Further, he pointed out that the estimated lockdown losses are on top of business closures that lead to unemployment.

“It would have been much productive and useful to channel even a fifth of these losses to strengthen our healthcare system to address the cases and for prevention measures,” the ECOP chief said.

Ortiz-Luis, likewise, noted that the number of deaths related to the coronavirus is small compared to those who die due to other diseases, and even suicide and hunger.

He said there is thus a need to intensify monitoring of severe cases as a large majority of COVID-19 infections are asymptomatic.

“Let us not be fixated on the numbers. Instead, let us intensify and fast-track our vaccination.

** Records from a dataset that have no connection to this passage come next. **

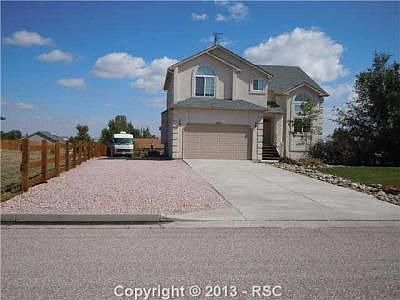 3rd image of 9845 Liberty Grove Dr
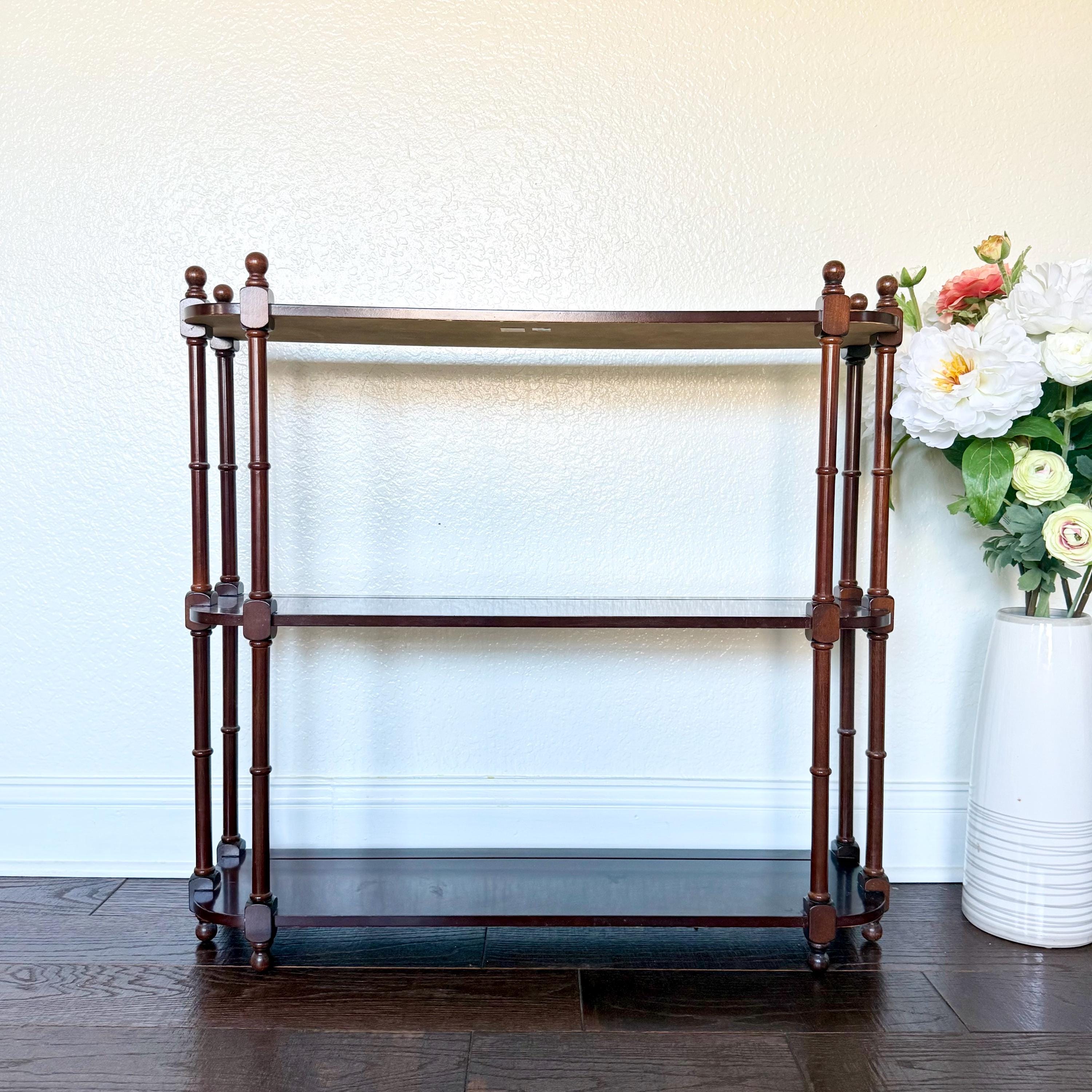 BOMBAY ボンベイ　トルソー　ラック　ビンテージ BOMBAY ボンベイ トルソー ラック ビンテージ BOMBAY ボンベイ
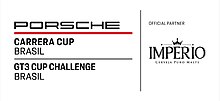 Porsche Carrera Cup Brasil & GT3 Cup Challenge Brasil Logo.jpg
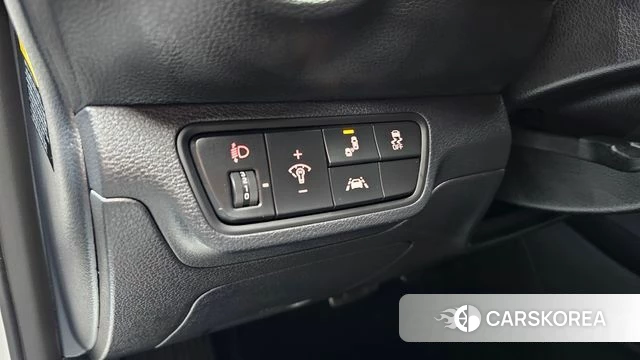 Kia Come New K3 id 4502554 из Кореи 7
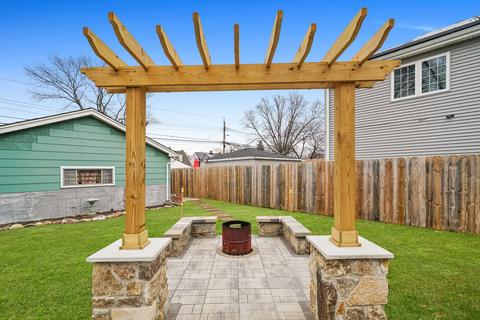 3752 W 86th St, Chicago, IL 60652 photo 28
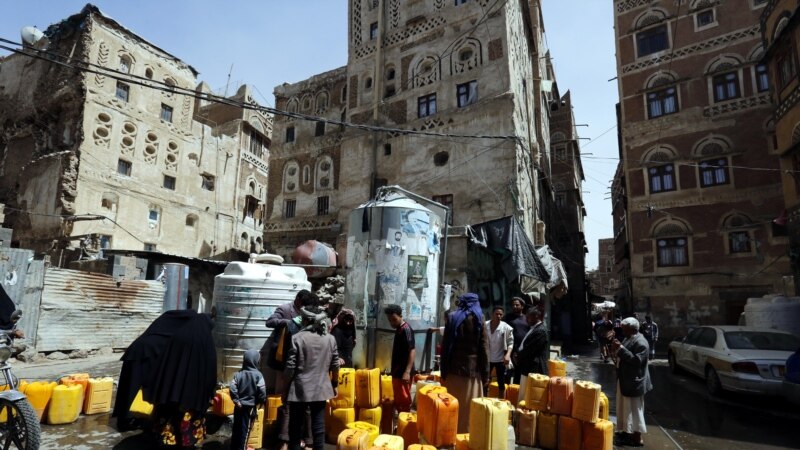 سازمان ملل متحد: وضعیت یمن «فاجعه بار» است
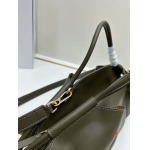 2024年8月1日新品入荷LOEWE バッグ XX工場 SIZE:35*11.5*21cm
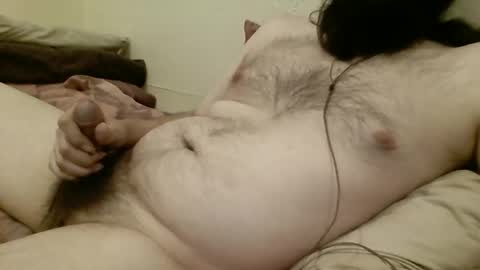 Snapshot of plafuljoker chatting on 2, 5, 2026 play full joker online show from 2, 5, 2026
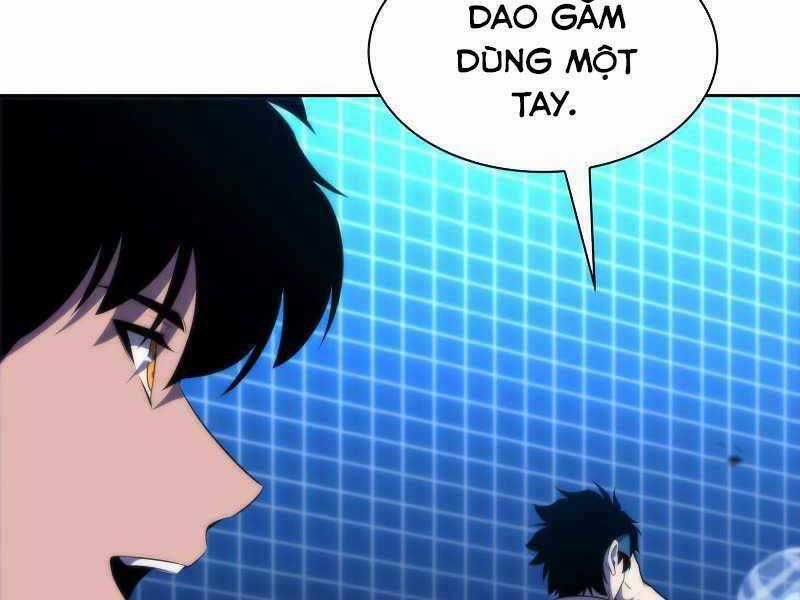 Kẻ Thách Đấu Chapter 40 trang 177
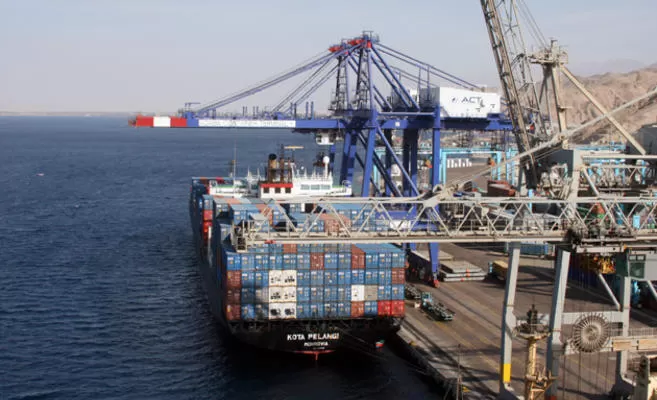 مدار الساعة,أخبار اقتصادية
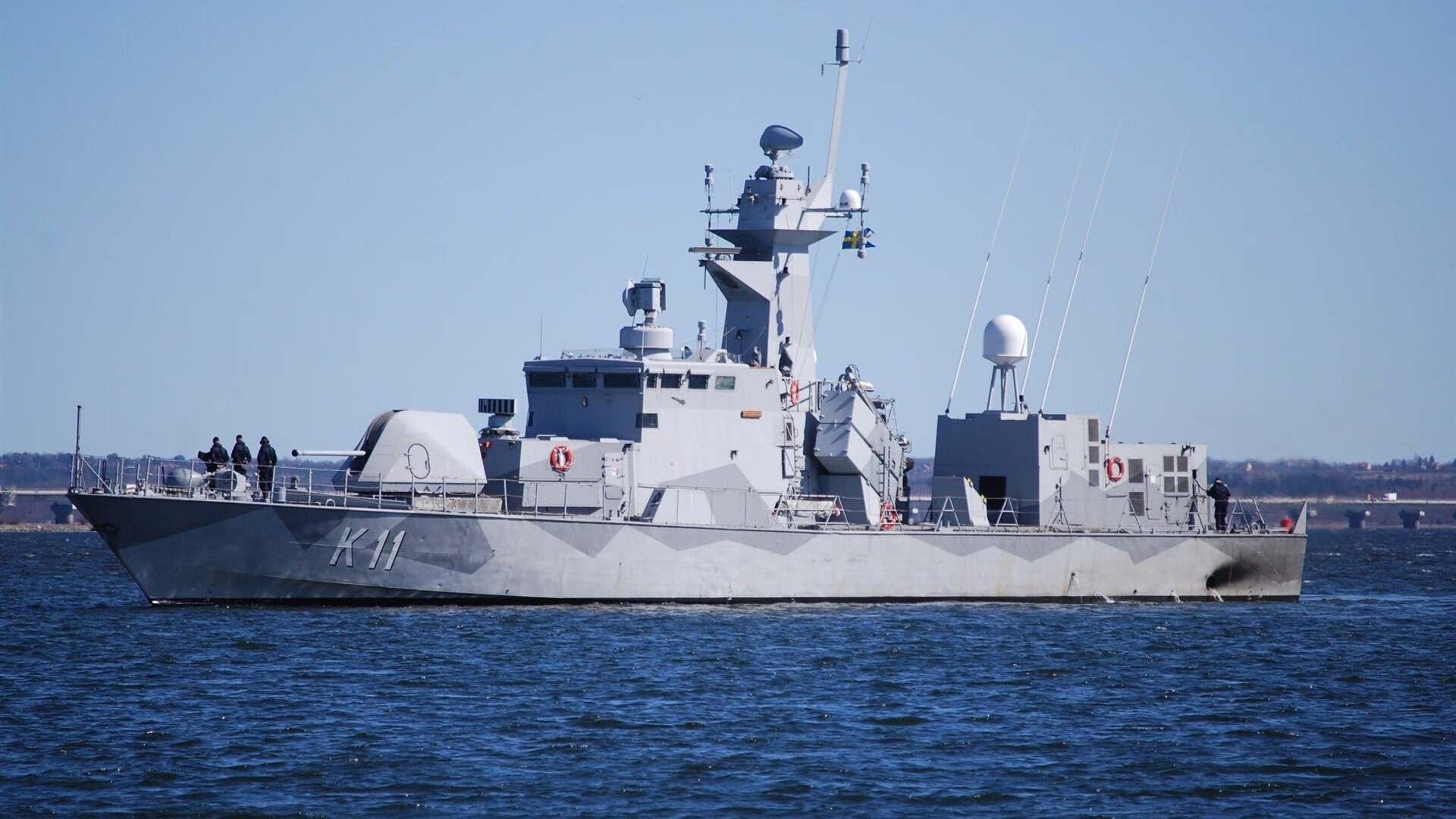 一球渡劫，当贝林厄姆在生死战中完成足球的渡劫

“Let us not forget practicing health protocols and comply with quarantine classifications. Continue adding hospital rooms, facilities, COVID-19 centers…,” he said.

Ortiz-Luis also reiterated the urgent need and importance of waiving the Data Privacy Act to facilitate contact tracing.

“Government has already suspended many of our civil rights in the interest of safety and health, the latest of which is the prohibition for those in the ECQ areas from going out of their homes for physical exercises,” he said.

“Many known personalities have already made voluntary disclosures on their COVID-19 cases. After all, this is not an embarrassing illness,” he added.

On Saturday afternoon, the Philippines recorded 14,249 new COVID-19 cases, pushing the total to 1,727,231.

Also, fresh infections brought the tally of active cases to 98,847. But recoveries also climbed to 1,598,314 (or 92% survival rate) after 11,714 more patients recovered.

Deaths was at 30,070 (or 0.017%) of the total cumulative tally of COVID-19 cases.

Meanwhile, three senators pointed out that the economy still has a ways to go before it returns to its pre-pandemic level, amid the 11.8 percent growth recorded in the second quarter of 2021.

According to Senate President Pro Tempore Ralph Recto, it could take the Philippines a year or two before it can reach the gross domestic product (GDP) that the country had recorded before the coronavirus disease 2019 (COVID-19) pandemic.

“We grew four percent first half. I expect the full year to be four percent. Will take a year or two to achieve GDP 2019 level,” Recto said.

While Senators Grace Poe and Joel Villanueva shared similar position stating that the latest data showing the country’s economic growth is “nothing to brag about.”

“Economic growth may be at its highest since 1988 but let’s not lose sight of the fact that still, it isn’t back to pre-pandemic levels,” she explained.

“We may have grown by 11.8 percent from the 17-percent contraction of last year, but that’s nothing to brag about because much of it is base effect,” Poe added.

The base effect: the economy plunged -16.9 percent in the same period last year, so calculating against that number for a year-on-year comparison will be reflected by a larger number.

For the senator, the government must spend the tax money on the health sector by paying the hospitals and the healthcare workers while protecting and creating jobs.

“Let’s keep our people safe and ensure that there will be food on their table. Then and only then can these growth numbers mean anything,” she said.

The Philippines on Tuesday recorded an 11.8 percent GDP growth for the second quarter of 2021.

Socioeconomic Planning secretary Karl Kendrick Chua said this was driven by more than just the base effect, claiming that it is the result of a better balance between addressing COVID-19 and the need to restore the jobs and incomes of the people.